With reference to my post about the Airgas decions, a friend (let's call him Emeritus) emailed:
Forgive my naivete, but as I read your blog this morning I wondered why there is not more concern about the substantial role played by the judiciary in the corporate decision-making process. Suppose the judge in an Airgas-type case is not Chandler or some other Delaware chancellor but, rather, some lefty California judge like Traynor and the acquisition is one that organized labor considers good for its members. You seem to assume substantial good-faith deference to the board. That may be the rule but ....

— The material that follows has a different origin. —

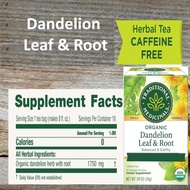 Traditional Medicinals, Organic Dandelion Leaf & Root Tea, Herbal Tea, Caffeine Free, 16 Wrapped Tea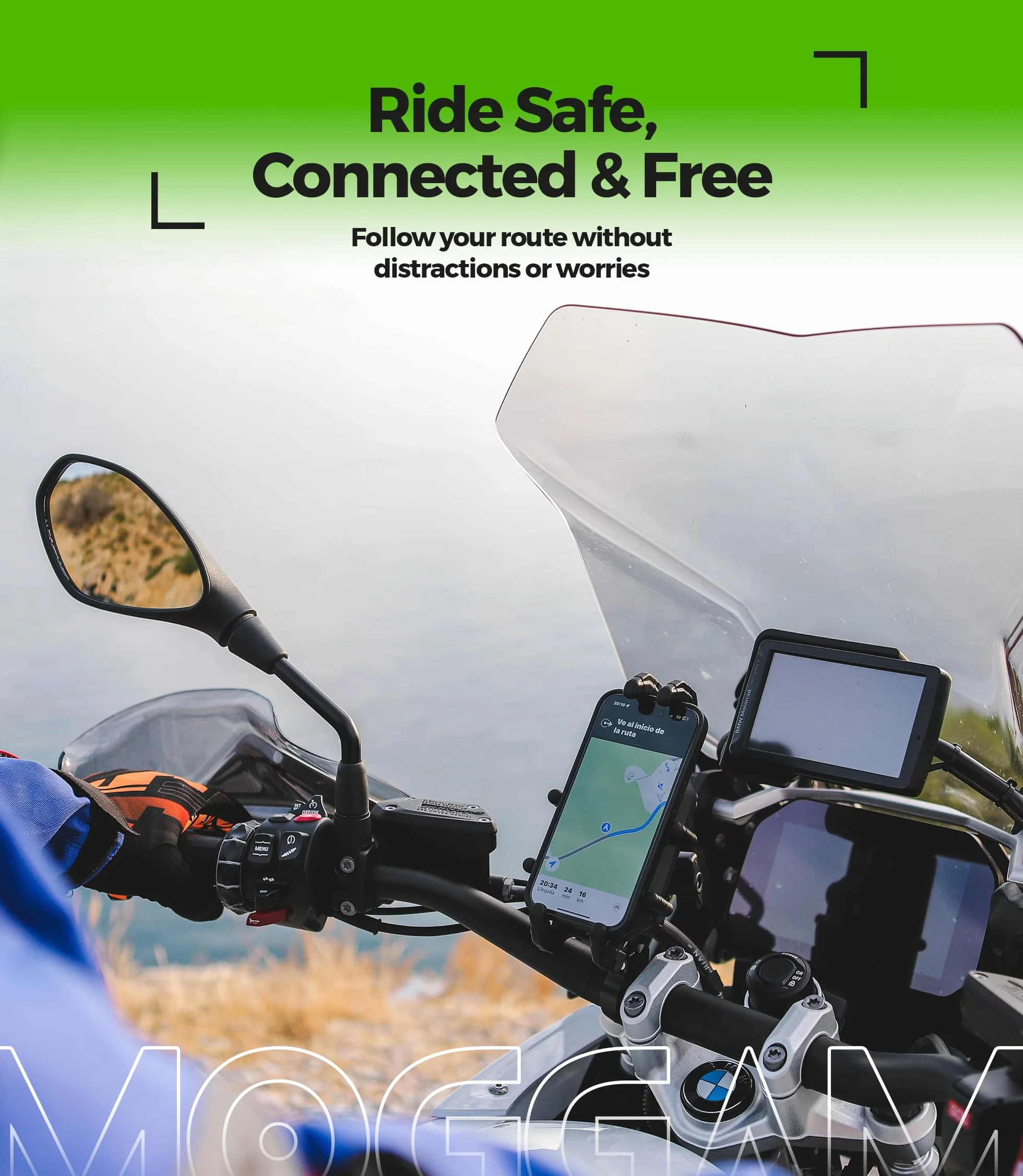 Uchwyt na Telefon do Motocykla Ultrabtrwały【Zabezpieczenie przed kradzieżą i podwójny system antywibracyjny】 Uchwyt Telefonu do Roweru 5,4–7,2" i Smartfonów Wytrzymałych 【Regulowane Ramię 360°】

This is a particularly good question in light of the recent discussion about plaintiffs bringing Delaware law-based claims in non-Delaware courts. See, e.g., Brian Quinn's article, in which he argues that:
Observers have noted a trend of shareholder lawsuits migrating out of Delaware. This trend appears to be part of a litigation strategy to avoid Delaware’s more aggressive policing of agency costs in acquisition-related shareholder litigation. To the extent litigation strategies are driven by agency costs, litigation can be costly to shareholders without much by way of tangible benefits to them. In addition to be potentially wasteful for shareholders a sustained outward migration of cases from Delaware may threaten Delaware’s ability to maintain its position as the nation’s center of corporate law. Consequently, the out-of-Delaware trend deserves attention. Some commentators have proposed that firms adopt forum selection provisions in their corporate charters as a way of reducing incentives for shareholder plaintiffs to engage in judicial arbitrage. There is some merit to a self-help approach. However, to date few firms have adopted such a strategy. This Article argues that notwithstanding the fact that incorporators are free to contract around default rules and adopt innovative self-help provisions, status quo bias in contracting reduces incentives for them to do so. In order to help shareholders and firms overcome status quo bias, an opt-in menu approach that facilitates flexibility in corporate contracting to may be helpful to incorporators in overcoming cognitive constraints to innovation.
Francis Pileggi recently discussed a federal case refusing to enforce a forum selection bylaw:
A fair amount of legal scholarship has focused recently on providing for the selection of a litigation forum in the organizational documents of a corporation. Professor Joseph Grundfest has been a prime proponent of the idea and we wrote here about a speech he gave about it recently. Professor Steven Davidoff has written about it here. A decision of the Delaware Court of Chancery last year intimated the legitimacy of the concept in the case of In re Revlon, Inc. Shareholders Litigation, 990 A.2d 940, 960 (Del. Ch., 2010).
Just this week, however, one federal judge in California decided he was not willing to "join the party" on this concept. In Galaviz v. Berg, N.D. CA, No. C 10-3392-RS (Jan. 3, 2011), available here, the U.S. District Court for the Northern District of California applied federal law to reject the argument that directors can amend bylaws to require (without seeking shareholder approval), all derivative suits to be filed in a particular jurisidiction, such as the state of formation. The Court did not make its decision based on Delaware law. The Court also suggested that the analysis would be different if the forum selection clause, requiring derivative suits against the company to be filed exclusively in Delaware, were made a part of the corporate charter instead of the bylaws only. Reportedly, this is the first reported decision to address the issue directly. Jim Hamilton has a helfpul post about this case here.
I think the issue Emeritus raises is an argument in favor of putting choice of forum provisions into articles of incorporation and in favor of courts enforcing them. Keeping these cases in Delaware courts strikes me as preferable. Expert judges. No juries. No home state bias in favor of one side or the other, since usually both sides will have their principal place of business elsewhere. Promotes consistency of outcomes. Delaware courts more rigorous than most in policing plaintiff lawyers bringing suits not in the best interests of the corporation or its shareholders as a whole.